Greenery can be hard to define, so the emergence of credible certifiers is clarifying things. The most stringent form of certification is the German Passivhaus standard, which applies to buildings that reduce their energy requirements so dramatically—by 90% compared with standard construction—that they can forgo heating and cooling systems. In 2007 the United States Green Building Council released a version of its LEED green-building standard that applies to homes. (Mr Rogers’s home is certified as LEED Platinum, the highest standard available.) And for more than a decade, America’s Environmental Protection Agency has offered Energy Star for Homes, a label indicating specific features meant to reduce energy use. Sam Rashkin, the programme’s director, expects nearly 1m American homes to carry the label by the end of this year.

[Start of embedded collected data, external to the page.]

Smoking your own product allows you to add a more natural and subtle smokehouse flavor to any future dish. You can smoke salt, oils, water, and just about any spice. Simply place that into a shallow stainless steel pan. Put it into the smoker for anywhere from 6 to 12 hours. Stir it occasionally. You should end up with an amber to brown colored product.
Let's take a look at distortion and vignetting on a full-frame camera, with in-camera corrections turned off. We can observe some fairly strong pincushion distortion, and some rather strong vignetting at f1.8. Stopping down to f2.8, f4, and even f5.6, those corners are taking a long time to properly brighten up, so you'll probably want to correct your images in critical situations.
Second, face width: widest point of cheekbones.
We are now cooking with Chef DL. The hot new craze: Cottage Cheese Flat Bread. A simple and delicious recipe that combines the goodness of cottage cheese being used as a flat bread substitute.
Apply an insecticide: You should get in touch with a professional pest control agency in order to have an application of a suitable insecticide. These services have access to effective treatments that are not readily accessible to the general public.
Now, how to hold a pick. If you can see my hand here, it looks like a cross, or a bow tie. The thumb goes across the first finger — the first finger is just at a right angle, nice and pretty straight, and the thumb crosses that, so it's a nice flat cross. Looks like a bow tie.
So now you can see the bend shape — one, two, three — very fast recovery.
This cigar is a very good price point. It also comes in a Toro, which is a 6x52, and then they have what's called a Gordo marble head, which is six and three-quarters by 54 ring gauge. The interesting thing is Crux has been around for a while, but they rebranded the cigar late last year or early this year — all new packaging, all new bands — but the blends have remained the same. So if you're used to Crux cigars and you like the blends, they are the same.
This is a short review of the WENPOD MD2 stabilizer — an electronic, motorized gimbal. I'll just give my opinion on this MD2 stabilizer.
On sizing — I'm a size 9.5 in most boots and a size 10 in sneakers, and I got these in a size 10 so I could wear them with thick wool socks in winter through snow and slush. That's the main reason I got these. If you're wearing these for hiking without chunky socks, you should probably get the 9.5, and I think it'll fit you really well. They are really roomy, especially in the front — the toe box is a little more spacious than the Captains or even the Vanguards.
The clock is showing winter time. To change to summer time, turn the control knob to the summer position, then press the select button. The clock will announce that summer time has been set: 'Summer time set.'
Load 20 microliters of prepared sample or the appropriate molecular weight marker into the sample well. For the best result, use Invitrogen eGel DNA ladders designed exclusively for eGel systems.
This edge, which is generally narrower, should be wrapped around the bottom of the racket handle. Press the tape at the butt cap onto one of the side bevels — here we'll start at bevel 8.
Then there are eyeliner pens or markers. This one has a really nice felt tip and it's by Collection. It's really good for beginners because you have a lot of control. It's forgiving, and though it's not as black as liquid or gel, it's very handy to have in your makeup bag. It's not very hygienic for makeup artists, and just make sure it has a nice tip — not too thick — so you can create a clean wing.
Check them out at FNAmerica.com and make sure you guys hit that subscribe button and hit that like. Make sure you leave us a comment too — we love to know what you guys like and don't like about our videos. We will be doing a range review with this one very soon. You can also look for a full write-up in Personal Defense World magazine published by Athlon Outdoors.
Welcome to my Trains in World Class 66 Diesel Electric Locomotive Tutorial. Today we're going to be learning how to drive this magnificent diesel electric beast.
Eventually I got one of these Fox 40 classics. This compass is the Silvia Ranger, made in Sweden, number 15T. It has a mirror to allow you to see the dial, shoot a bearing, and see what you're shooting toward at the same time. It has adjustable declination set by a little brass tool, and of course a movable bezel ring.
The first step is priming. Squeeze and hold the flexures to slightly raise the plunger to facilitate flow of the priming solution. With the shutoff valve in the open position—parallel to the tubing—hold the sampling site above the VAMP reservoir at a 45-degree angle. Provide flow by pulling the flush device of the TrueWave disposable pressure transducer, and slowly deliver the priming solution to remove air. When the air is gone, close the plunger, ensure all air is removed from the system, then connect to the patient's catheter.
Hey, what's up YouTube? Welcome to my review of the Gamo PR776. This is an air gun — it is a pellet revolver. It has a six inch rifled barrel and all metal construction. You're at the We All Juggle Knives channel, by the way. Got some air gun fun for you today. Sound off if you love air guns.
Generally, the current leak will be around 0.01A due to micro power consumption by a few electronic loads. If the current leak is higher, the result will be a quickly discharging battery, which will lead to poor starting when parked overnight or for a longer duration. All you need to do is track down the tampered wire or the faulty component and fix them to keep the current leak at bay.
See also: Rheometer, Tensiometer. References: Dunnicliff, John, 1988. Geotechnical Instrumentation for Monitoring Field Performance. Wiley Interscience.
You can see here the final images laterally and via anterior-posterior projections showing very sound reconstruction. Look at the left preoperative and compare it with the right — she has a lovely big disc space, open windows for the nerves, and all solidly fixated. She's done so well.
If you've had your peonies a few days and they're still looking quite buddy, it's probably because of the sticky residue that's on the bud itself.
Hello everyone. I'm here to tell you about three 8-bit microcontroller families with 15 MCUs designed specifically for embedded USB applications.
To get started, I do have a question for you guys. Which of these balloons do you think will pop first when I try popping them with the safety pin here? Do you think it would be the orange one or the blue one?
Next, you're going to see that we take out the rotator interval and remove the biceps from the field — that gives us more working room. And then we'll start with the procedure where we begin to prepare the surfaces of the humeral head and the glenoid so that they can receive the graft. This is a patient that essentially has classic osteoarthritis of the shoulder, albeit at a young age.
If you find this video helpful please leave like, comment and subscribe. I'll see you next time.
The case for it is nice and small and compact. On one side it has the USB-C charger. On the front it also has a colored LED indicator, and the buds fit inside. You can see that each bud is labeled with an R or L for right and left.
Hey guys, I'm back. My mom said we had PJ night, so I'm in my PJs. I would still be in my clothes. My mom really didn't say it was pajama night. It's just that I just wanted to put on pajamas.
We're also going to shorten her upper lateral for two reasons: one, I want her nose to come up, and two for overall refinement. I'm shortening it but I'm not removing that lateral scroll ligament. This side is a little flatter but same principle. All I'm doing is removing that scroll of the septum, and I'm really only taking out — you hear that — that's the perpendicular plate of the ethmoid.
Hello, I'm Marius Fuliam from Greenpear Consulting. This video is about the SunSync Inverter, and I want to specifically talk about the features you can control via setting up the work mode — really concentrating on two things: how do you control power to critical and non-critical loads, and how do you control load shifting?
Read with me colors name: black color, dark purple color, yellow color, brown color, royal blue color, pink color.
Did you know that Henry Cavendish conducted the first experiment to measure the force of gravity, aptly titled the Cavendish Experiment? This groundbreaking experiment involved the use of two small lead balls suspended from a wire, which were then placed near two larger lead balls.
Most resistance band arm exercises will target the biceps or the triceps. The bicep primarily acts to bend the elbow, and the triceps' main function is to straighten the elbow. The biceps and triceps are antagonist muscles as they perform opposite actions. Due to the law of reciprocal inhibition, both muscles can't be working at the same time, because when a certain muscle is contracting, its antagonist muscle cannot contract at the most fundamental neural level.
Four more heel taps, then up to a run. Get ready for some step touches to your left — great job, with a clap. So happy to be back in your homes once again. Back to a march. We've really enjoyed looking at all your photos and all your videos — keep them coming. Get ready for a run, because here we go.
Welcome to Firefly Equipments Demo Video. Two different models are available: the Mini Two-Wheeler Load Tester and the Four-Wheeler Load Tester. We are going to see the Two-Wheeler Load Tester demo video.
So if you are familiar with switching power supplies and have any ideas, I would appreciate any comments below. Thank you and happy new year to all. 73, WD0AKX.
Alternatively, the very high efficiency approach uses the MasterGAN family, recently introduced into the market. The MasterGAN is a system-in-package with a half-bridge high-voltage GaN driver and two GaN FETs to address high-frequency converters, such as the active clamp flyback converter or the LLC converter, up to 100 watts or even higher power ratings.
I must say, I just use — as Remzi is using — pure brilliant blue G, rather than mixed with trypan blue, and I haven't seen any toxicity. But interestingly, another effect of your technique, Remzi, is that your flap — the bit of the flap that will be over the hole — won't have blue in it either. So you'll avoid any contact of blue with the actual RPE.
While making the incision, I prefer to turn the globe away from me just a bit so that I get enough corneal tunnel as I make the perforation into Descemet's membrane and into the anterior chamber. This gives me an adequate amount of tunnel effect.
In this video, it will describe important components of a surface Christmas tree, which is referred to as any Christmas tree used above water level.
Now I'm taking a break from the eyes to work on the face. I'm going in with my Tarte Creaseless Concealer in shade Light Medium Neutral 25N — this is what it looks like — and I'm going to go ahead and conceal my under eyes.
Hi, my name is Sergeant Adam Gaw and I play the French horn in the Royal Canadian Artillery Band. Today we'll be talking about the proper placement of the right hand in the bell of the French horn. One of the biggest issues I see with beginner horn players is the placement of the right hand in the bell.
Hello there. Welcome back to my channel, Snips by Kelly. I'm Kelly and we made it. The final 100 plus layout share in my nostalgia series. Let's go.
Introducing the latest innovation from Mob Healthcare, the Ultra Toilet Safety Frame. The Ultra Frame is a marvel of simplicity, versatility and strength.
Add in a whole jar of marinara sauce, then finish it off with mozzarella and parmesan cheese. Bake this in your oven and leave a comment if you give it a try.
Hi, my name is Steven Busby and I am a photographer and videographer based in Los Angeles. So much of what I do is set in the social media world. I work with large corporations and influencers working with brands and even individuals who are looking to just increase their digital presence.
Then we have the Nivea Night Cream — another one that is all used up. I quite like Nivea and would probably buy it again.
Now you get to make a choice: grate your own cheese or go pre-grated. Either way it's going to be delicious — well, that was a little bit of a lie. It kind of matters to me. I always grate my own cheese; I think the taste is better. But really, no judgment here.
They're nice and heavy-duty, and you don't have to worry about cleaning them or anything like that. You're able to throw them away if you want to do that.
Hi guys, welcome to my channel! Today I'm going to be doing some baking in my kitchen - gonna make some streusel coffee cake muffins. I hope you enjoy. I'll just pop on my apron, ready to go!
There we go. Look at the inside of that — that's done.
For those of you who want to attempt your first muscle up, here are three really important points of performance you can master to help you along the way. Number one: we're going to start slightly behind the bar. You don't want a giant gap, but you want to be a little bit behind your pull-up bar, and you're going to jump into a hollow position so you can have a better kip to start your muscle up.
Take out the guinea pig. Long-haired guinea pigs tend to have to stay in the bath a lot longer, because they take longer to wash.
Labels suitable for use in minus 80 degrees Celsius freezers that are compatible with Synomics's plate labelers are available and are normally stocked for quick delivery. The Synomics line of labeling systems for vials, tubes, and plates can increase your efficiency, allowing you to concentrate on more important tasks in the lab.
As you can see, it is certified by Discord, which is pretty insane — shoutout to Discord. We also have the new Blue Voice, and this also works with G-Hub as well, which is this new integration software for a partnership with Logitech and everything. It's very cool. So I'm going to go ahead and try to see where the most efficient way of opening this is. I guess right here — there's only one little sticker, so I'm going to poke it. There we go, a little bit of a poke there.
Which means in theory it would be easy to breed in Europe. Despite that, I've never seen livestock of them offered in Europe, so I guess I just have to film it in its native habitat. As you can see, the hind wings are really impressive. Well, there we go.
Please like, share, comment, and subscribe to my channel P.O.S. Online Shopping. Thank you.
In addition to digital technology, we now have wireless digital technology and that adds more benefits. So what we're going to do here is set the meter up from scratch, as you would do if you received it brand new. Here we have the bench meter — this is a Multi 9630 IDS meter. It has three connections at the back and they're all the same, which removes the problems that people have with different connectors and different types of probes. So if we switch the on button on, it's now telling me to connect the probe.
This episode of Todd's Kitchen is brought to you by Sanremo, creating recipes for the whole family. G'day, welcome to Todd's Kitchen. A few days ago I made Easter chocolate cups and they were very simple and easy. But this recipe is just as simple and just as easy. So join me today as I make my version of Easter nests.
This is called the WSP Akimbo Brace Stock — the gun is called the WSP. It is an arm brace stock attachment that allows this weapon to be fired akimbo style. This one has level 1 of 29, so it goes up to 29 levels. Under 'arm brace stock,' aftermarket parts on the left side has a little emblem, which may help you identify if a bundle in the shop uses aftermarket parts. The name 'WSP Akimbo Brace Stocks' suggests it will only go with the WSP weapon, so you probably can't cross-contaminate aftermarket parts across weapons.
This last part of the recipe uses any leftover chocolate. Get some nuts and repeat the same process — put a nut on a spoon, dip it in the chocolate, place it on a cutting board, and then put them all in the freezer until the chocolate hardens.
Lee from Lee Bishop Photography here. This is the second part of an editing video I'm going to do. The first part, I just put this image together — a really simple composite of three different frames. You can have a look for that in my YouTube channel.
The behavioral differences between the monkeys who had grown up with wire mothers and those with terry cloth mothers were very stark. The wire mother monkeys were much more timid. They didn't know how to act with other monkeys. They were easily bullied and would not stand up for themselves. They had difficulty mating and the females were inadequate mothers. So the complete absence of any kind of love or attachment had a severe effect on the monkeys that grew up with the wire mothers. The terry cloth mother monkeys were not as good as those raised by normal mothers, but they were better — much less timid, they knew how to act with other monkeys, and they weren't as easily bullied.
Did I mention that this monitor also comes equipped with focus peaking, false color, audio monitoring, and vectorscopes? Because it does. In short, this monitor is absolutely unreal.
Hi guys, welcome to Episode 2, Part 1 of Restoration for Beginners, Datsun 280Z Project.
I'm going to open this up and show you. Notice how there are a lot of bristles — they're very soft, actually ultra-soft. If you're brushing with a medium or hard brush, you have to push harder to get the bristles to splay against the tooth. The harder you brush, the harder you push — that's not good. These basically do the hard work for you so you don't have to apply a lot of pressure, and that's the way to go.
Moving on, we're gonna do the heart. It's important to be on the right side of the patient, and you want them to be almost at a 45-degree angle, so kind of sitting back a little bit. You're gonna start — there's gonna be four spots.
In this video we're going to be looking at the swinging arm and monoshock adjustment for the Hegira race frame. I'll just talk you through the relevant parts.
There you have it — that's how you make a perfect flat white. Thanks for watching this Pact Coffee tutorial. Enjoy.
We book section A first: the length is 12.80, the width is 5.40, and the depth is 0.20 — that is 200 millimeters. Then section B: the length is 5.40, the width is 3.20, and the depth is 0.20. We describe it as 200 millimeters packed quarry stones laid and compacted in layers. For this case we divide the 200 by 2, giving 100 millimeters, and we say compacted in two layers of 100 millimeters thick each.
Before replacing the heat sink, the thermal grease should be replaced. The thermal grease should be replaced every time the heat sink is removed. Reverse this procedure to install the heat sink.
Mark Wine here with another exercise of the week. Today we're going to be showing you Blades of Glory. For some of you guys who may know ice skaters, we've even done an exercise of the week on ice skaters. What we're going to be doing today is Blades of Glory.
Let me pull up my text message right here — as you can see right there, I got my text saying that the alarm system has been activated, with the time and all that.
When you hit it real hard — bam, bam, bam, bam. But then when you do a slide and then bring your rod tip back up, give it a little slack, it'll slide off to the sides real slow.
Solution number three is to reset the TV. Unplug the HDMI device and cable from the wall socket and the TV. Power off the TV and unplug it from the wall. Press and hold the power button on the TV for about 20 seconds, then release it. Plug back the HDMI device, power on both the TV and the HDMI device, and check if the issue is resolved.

Market forces are at play, too. Mr Rogers says his 2,100-square-foot house—just under the average for new homes in America—cost $75,000, or 23%, more to build impeccably green than it would have otherwise. He received $35,000 in rebates and incentives from state and federal governments, and he expects to recoup the rest in avoided energy costs within five years. Given the recent spike in energy prices, it may not take that long.
If the additional cost of going green is repaid in 5 years, I don't know why anyone wouldn't do it. If you get a 30 year mortgage, any green features that have a payback period of under 30 years should make economic sense (you save more in energy costs each month than the additional amount you pay on your mortgage).

I wonder if the government mandated that home sellers had to specify the expected energy costs to heat and cool the home, just like car sellers must specify the MPG of their cars, if this would make people aware of the cost difference between homes and see the financial benefit of going green.

Lots of interesting new green home technologies discussed in the article.